PyMODINIT_FUNC PyInit_fastmath(void) {
    return PyModule_Create(&module);
}

Build Process

.c file

Compile

.so/.pyd

python setup.py build_ext --inplace

Pure Python

Baseline

Cython

10-100x

Compiled Python

C Extension

100-1000x

Native C

Writing C Extensions

#include <Python.h>

static PyObject* fast_add(PyObject* self, PyObject* args) {
    long a, b;
    if (!PyArg_ParseTuple(args, "ll", &a, &b))
        return NULL;
    return PyLong_FromLong(a + b);
}

static PyMethodDef module_methods[] = {
    {"fast_add", fast_add, METH_VARARGS, "Add two numbers"},
    {NULL, NULL, 0, NULL}
};

static struct PyModuleDef module = {
    PyModuleDef_HEAD_INIT,
    "fastmath",
    "Fast math operations",
    -1,
    module_methods
};

PyMODINIT_FUNC PyInit_fastmath(void) {
    return PyModule_Create(&module);
}

Using Cython for Optimization

# Pure Python
def fibonacci(n):
    if n <= 1:
        return n
    return fibonacci(n-1) + fibonacci(n-2)

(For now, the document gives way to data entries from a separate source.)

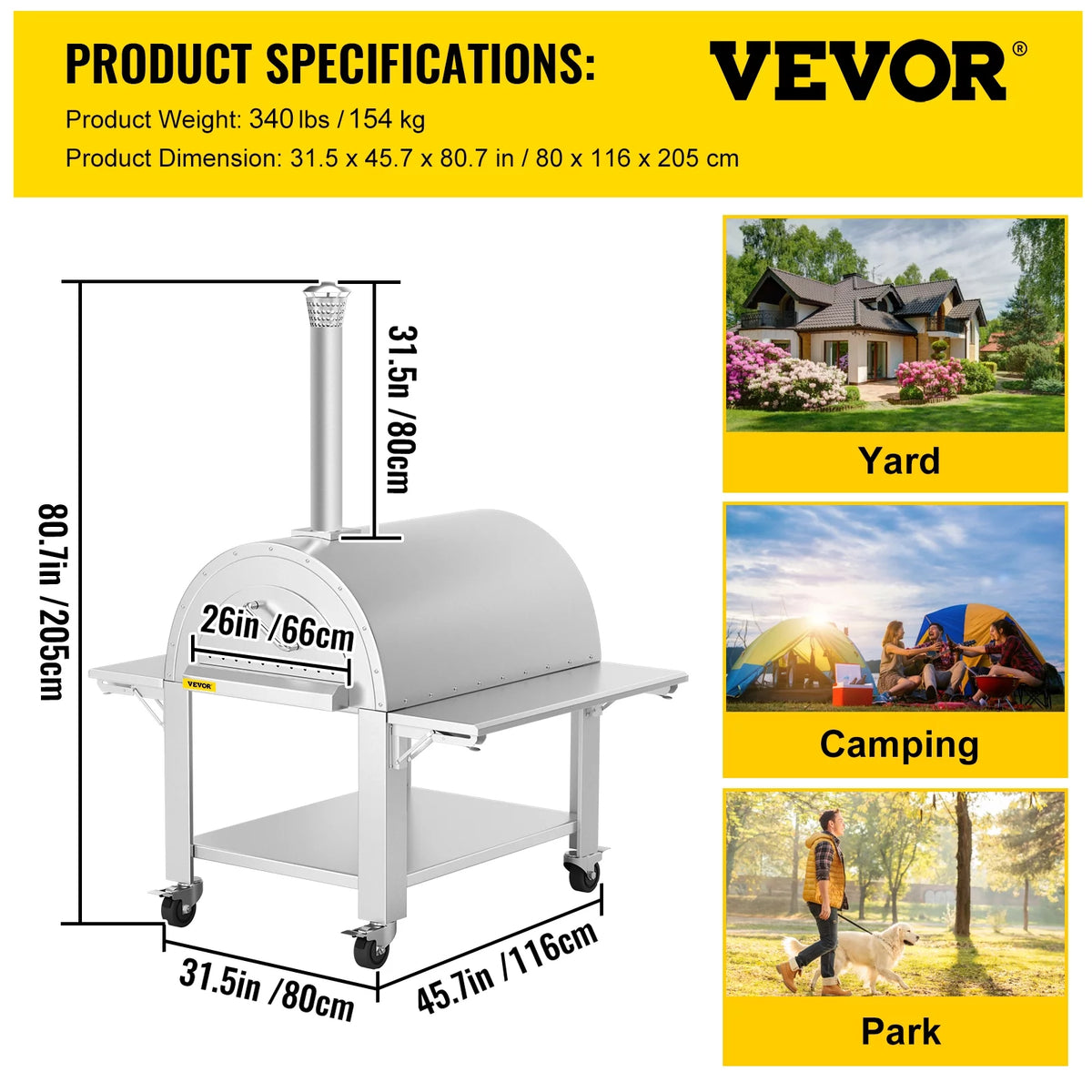 Wood Fired Outdoor Pizza Oven with Wheels O698462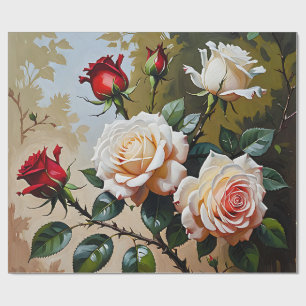 Pretty pink white and red roses oil painting wrapping paper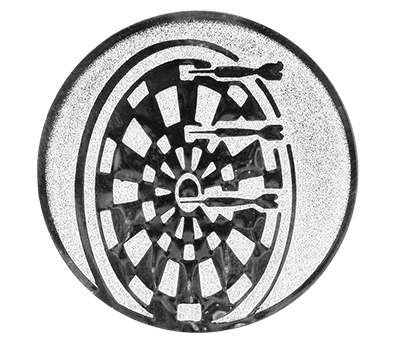Insertie sport argintie cu simbol de darts, potrivita pentru medalie, cupa sau trofeu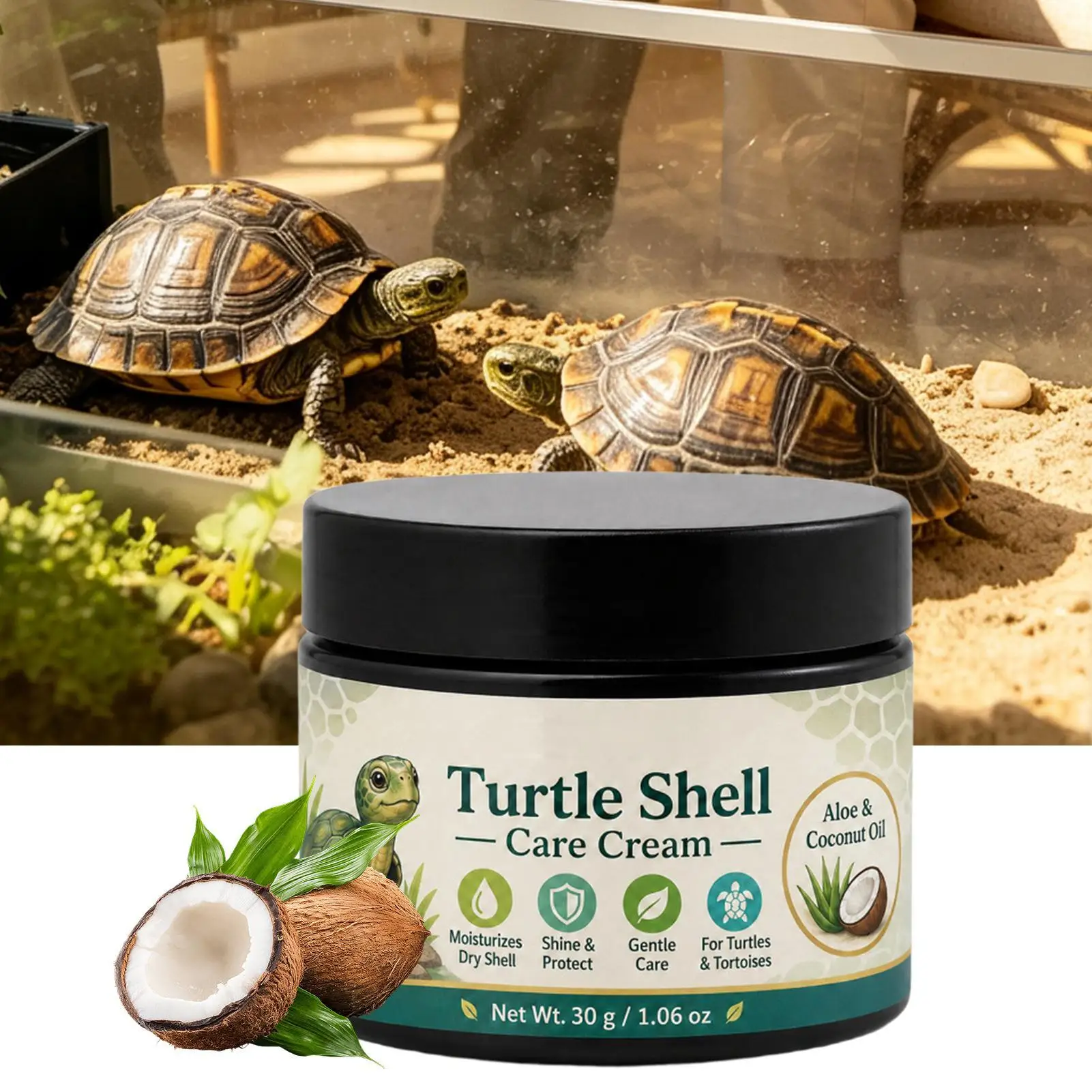 30g Moisturizing Tortoise Shell Balm Non-Greasy Shine Care Cream For Dry Rough Reptile Daily Night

# Cython version (fibonacci.pyx)
def fibonacci_cy(int n):
    if n <= 1:
        return n
    return fibonacci_cy(n-1) + fibonacci_cy(n-2)

Performance Profiling

Using cProfile

import cProfile
import pstats

def profile_code():
    # Your code here
    pass

cProfile.run('profile_code()', 'profile_stats')

# Analyze results
p = pstats.Stats('profile_stats')
p.sort_stats('cumulative')
p.print_stats(10)

Memory Profiling

from memory_profiler import profile

@profile
def memory_intensive():
    a = [1] * (10 ** 6)
    b = [2] * (2 * 10 ** 7)
    del b
    return a

Python 3.11+ Optimizations

Adaptive Bytecode

Python 3.11 introduces adaptive bytecode that specializes based on runtime behavior:

def add_numbers(a, b):
    return a + b  # Specializes for int after seeing int inputs

# First calls: generic bytecode
# After ~8 calls with ints: specialized INT_ADD

Frame Objects Optimization

Lazy frame creation
Reduced memory overhead
Faster function calls

Best Practices for Performance

Use built-in functions: They're implemented in C
List comprehensions: Faster than loops
Local variables: Faster than global
__slots__: Reduce memory for classes
Profile before optimizing: Measure, don't guess

# Slower
result = []
for i in range(1000):
    if i % 2 == 0:
        result.append(i * 2)

# Faster
result = [i * 2 for i in range(1000) if i % 2 == 0]

Debugging CPython

Using gdb with Python

# Debug Python with gdb
gdb python
(gdb) run script.py
(gdb) py-bt  # Python backtrace
(gdb) py-list  # List Python source
(gdb) py-locals  # Show local variables

Inspecting Objects

import ctypes
import sys

def get_object_address(obj):
    return id(obj)

def inspect_pyobject(obj):
    address = id(obj)
    refcount = sys.getrefcount(obj)
    size = sys.getsizeof(obj)
    print(f"Address: 0x{address:x}")
    print(f"Refcount: {refcount}")
    print(f"Size: {size} bytes")

Conclusion

Understanding CPython internals helps you:

Write more efficient Python code
Debug performance issues
Understand Python's limitations
Make informed decisions about optimization
Contribute to CPython development

The journey from Python source code to execution involves complex machinery: bytecode compilation, memory management, garbage collection, and the GIL. While Python abstracts these details, knowing them makes you a better Python developer.